Fresh Food

High demand, bird flu are scrambling the egg supply chain

Some grocers are limiting egg purchases as consumers contend with bare shelves and soaring prices. But there might be relief on the horizon.
Egg supply chain
Eggs are in short supply at some retailers, including at this Target in Chicago. / Photo by: Heather Lalley

David Maloni has worked in food supply-chain data analysis for more than a quarter century. But he has never seen a situation with eggs quite like the one playing out across the country right now.

A nationwide egg shortage sparked by a deadly avian influenza outbreak is causing empty shelves and soaring prices, prompting some grocers to limit the number of eggs shoppers can purchase.

“I don’t know if we’ve ever seen prices like this before,” said Maloni, who is a commodity and food supply-chain consultant and president of Sarasota, Florida-based Datum FS. “It’s pretty crazy.”

Egg prices were up more than 225% in December over the year before, surging from $1.47 for a dozen large eggs in 2021 to $4.79 a dozen 12 months later.
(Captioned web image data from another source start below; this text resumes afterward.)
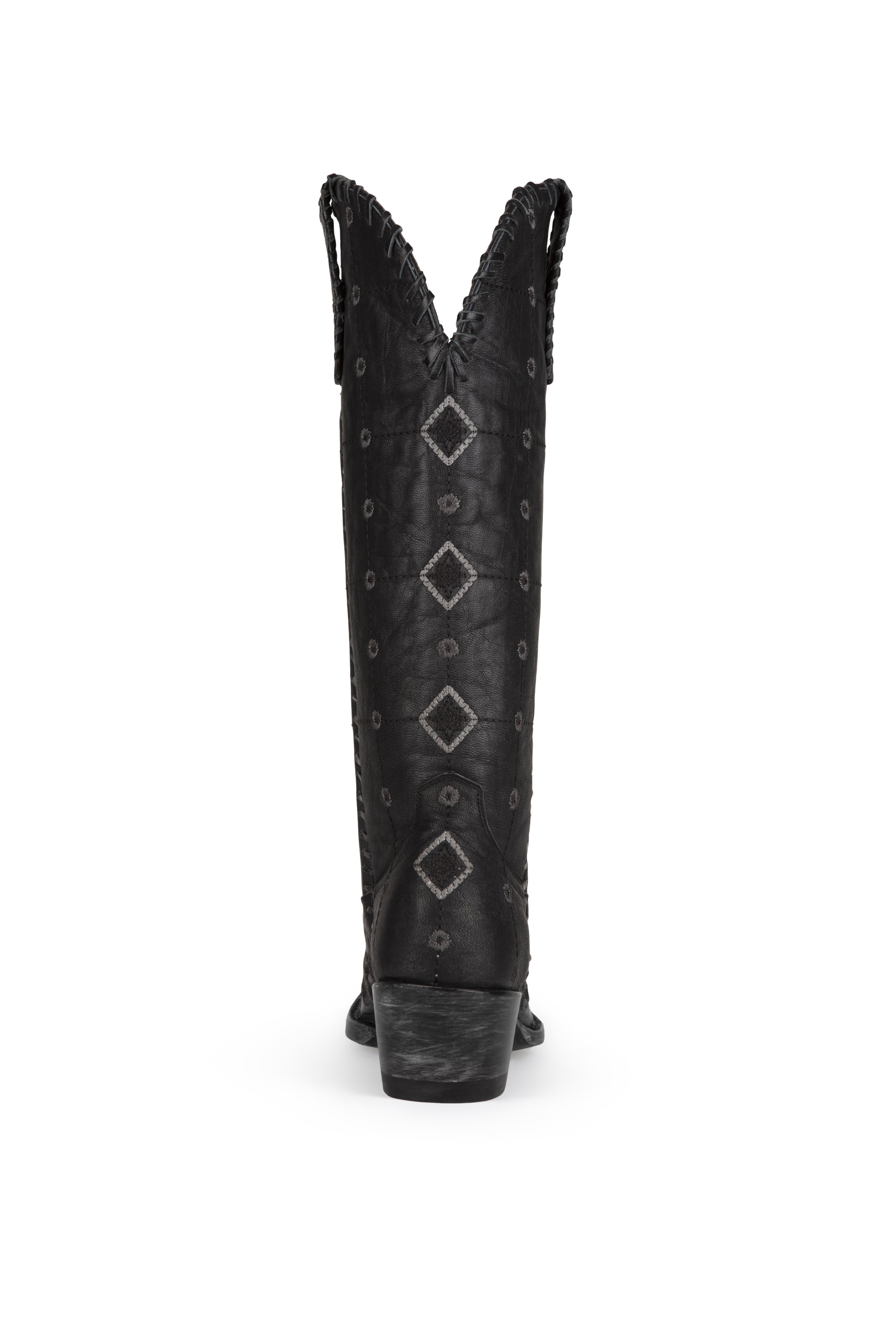 Allens Brand - Grace - Ebony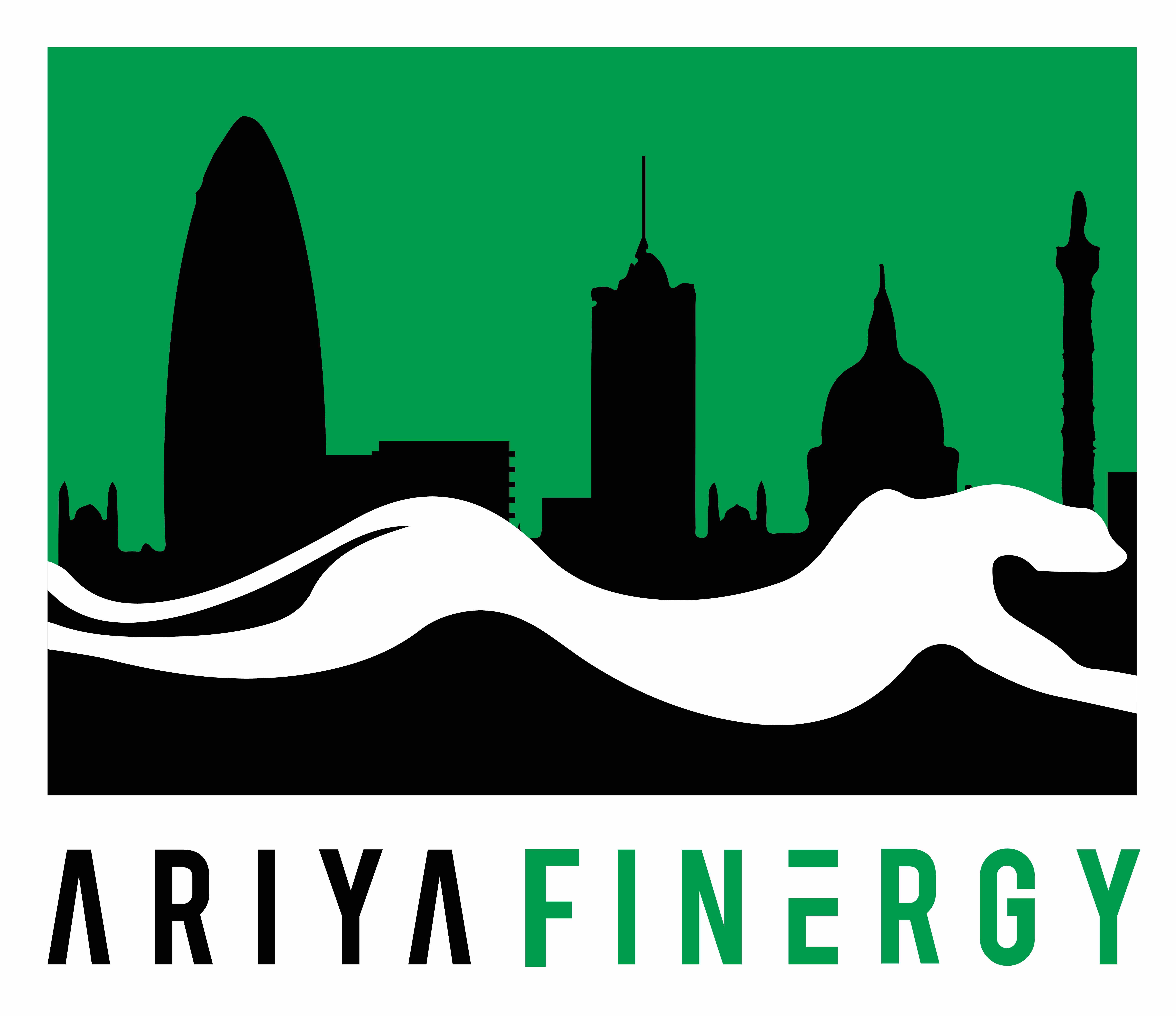 Ariya Logo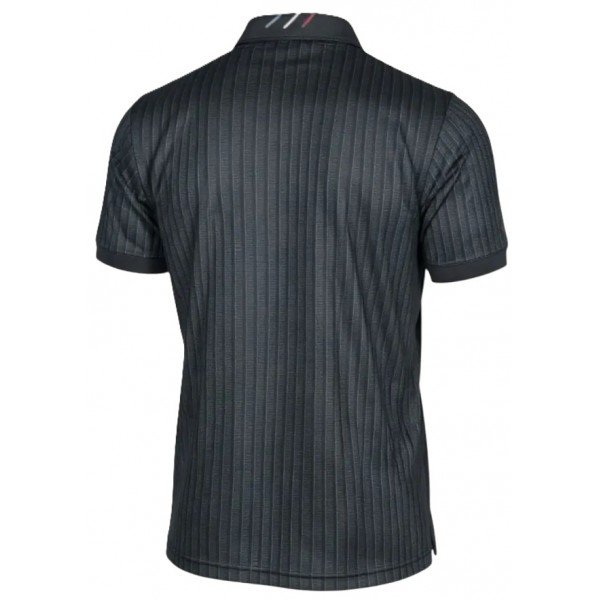 Camisa IV PSG 2025 2026 Air Jordan oficial 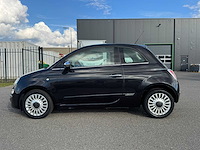 Fiat - 500 - 0.9 twinair lounge - car - 2011|84-rpk-3|iaw - afbeelding 16 van  16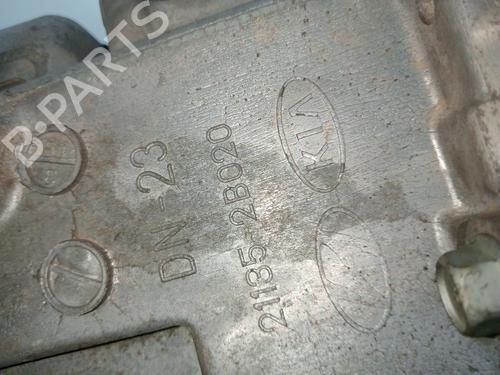 Engine KIA CEE'D SW (ED) 1.4 | BP24108907M1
Overall food-at-home prices were up 12% in November, according to federal data. December’s Consumer Price Index numbers are slated to be released Thursday.



The high prices were fueled by soaring demand for eggs for holiday baking, a normal seasonal fluctuation that was magnified by the impact of the bird flu outbreak.

As of Tuesday, 57.8 million animals are known to have been infected with highly pathogenic avian influenza (HPAI) viruses since January 2022, according to the Centers for Disease Control and Prevention. That includes 728 reported outbreaks among wild aquatic birds, commercial poultry and backyard or hobbyist flocks in 47 states, the agency said.

Egg-laying chickens have made up the majority of the birds slaughtered in an attempt to slow the spread of the virus.

Those outbreaks have stalled fall egg production by about 5% compared with the same period last year, Maloni said.

“It’s at a time when we have our biggest seasonal increase in demand,” he said.

Egg supply headaches have been especially severe in Colorado, where a state law that went into effect Jan. 1 requires all locally raised chickens to be cage-free if the eggs will be sold in stores. The law is being phased in and will be fully implemented by 2025.

According to local reports around the country, a number of grocers are limiting egg purchases to two cartons per customer, including Fred Meyer in Anchorage, Alaska, and a Whole Foods Market in Denver.

The egg shelves were nearly bare at a Target store on the Northwest Side of Chicago earlier this week, with the few cartons of organic eggs available selling for $7.99 a dozen.

A Walmart spokesperson told WGB that the retail giant had not imposed any egg purchase limits, despite ongoing supply chain challenges.

“Higher demand leading up to the holidays and the impact of avian flu caused tighter supply,” the spokesperson said. “However, now demand has returned to normal levels.”

There are some reasons for sunny side-up optimism in the egg pipeline, Maloni said.

The United States Department of Agriculture is forecasting egg production in 2023 to be about 5% higher than the year before and about 2% higher than it was in 2021 and 2020, he noted.

“That’s good if we can get there,” Maloni said. “That’s good but it’s probably not good enough.”

With the holiday season over, demand for eggs will slow. And so too should prices.

“Typically, some of the highest prices will be in December, and then the market will come off about 10% to 20% in January compared to December,” he said. “I think the highest prices hopefully are behind us.”

Egg supply, however, is another story.

“It’s going to take a little while for it to recover,” he said. “We should see some of that seasonal decline, but it’s going to take a while for supplies to normalize.”